Data section:
========================================

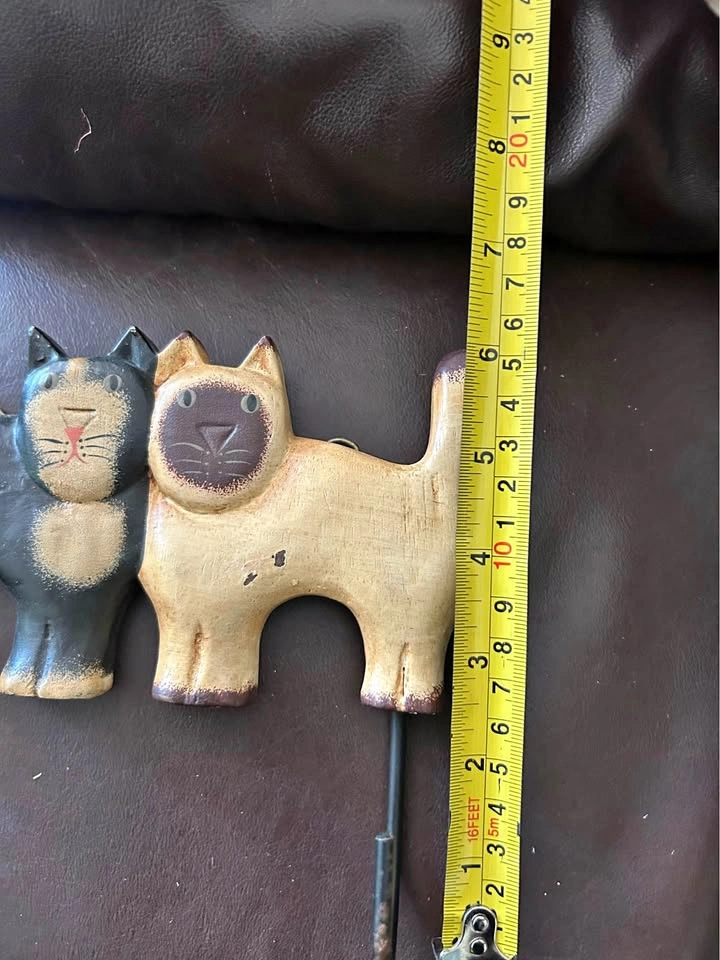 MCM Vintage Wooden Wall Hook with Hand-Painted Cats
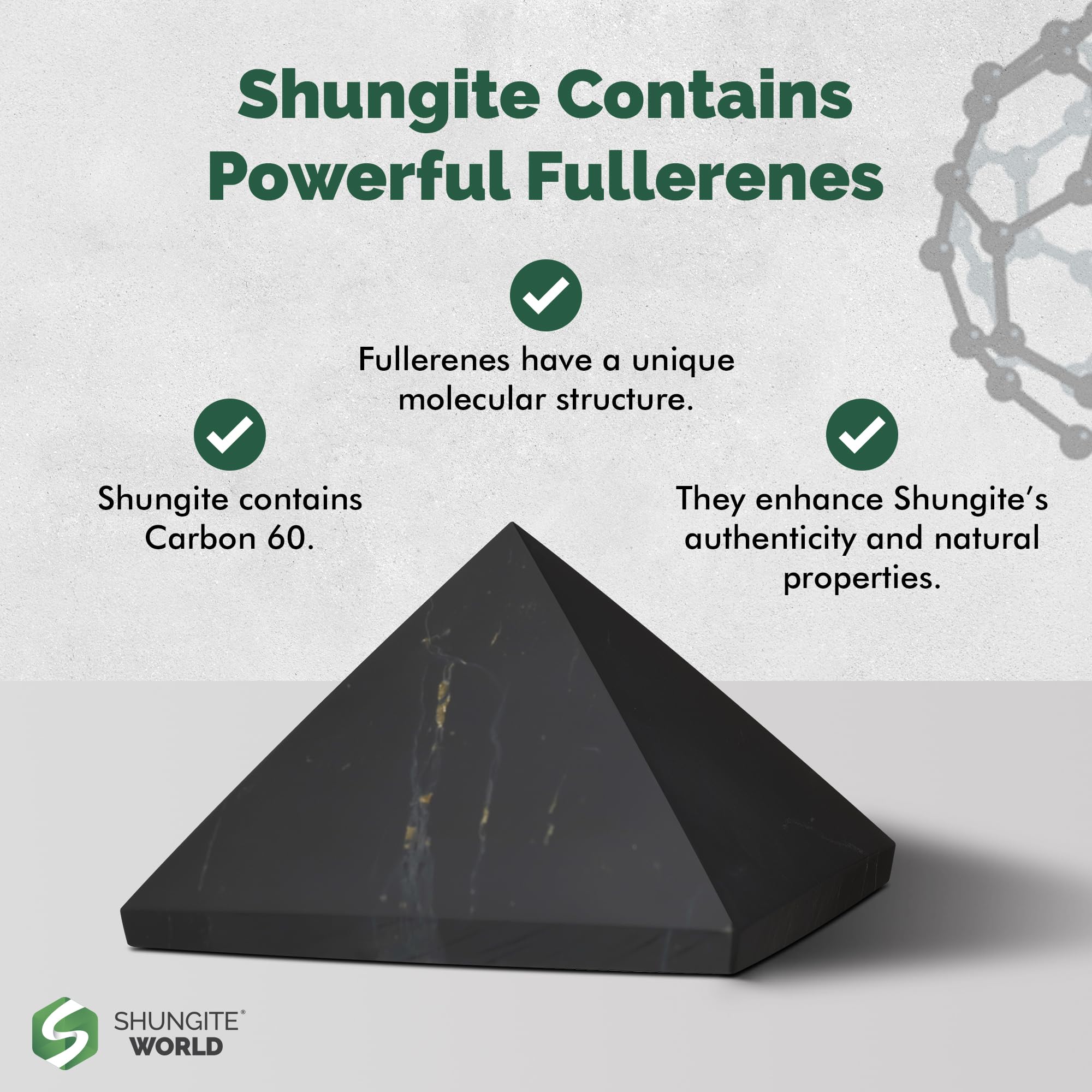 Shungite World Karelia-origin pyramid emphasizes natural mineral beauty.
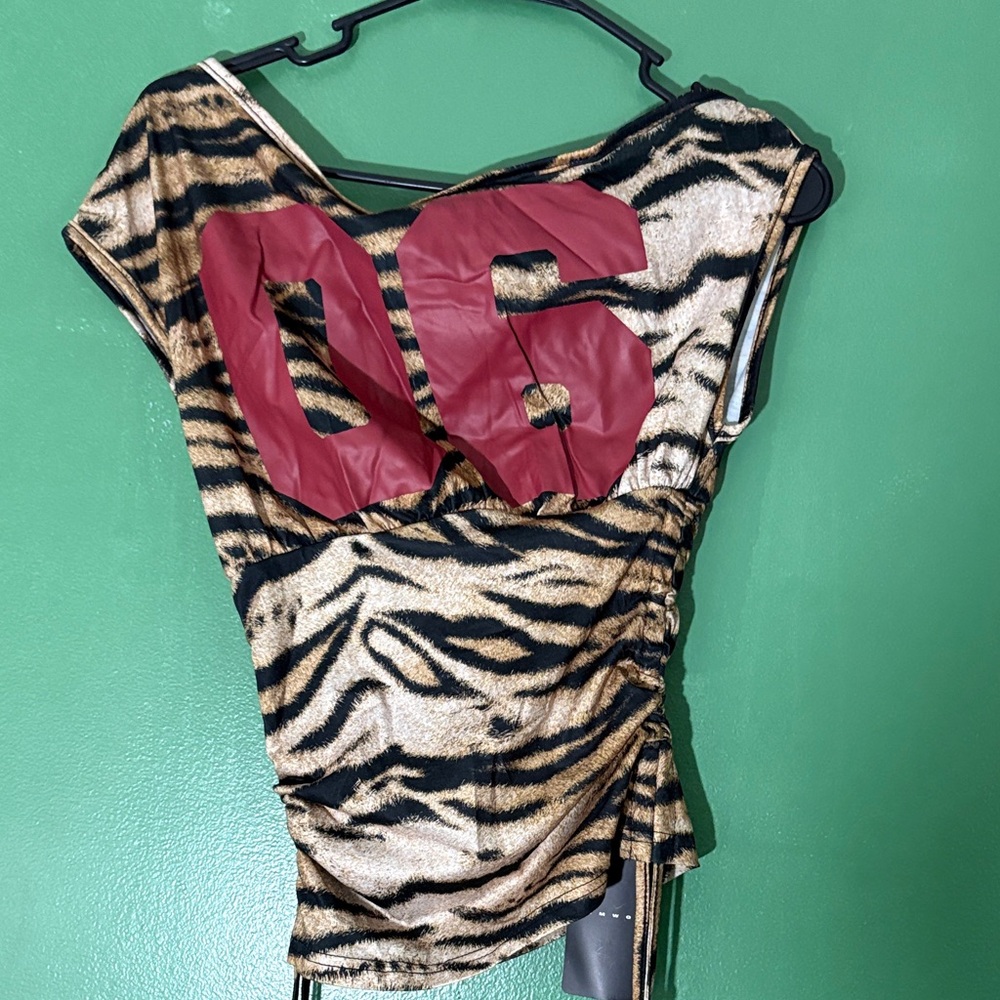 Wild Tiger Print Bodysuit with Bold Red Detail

========================================

Work instructions: Copy each line of the listing exactly, skipping any picture.

Output below:
 MCM Vintage Wooden Wall Hook with Hand-Painted Cats
 Shungite World Karelia-origin pyramid emphasizes natural mineral beauty.
 Wild Tiger Print Bodysuit with Bold Red Detail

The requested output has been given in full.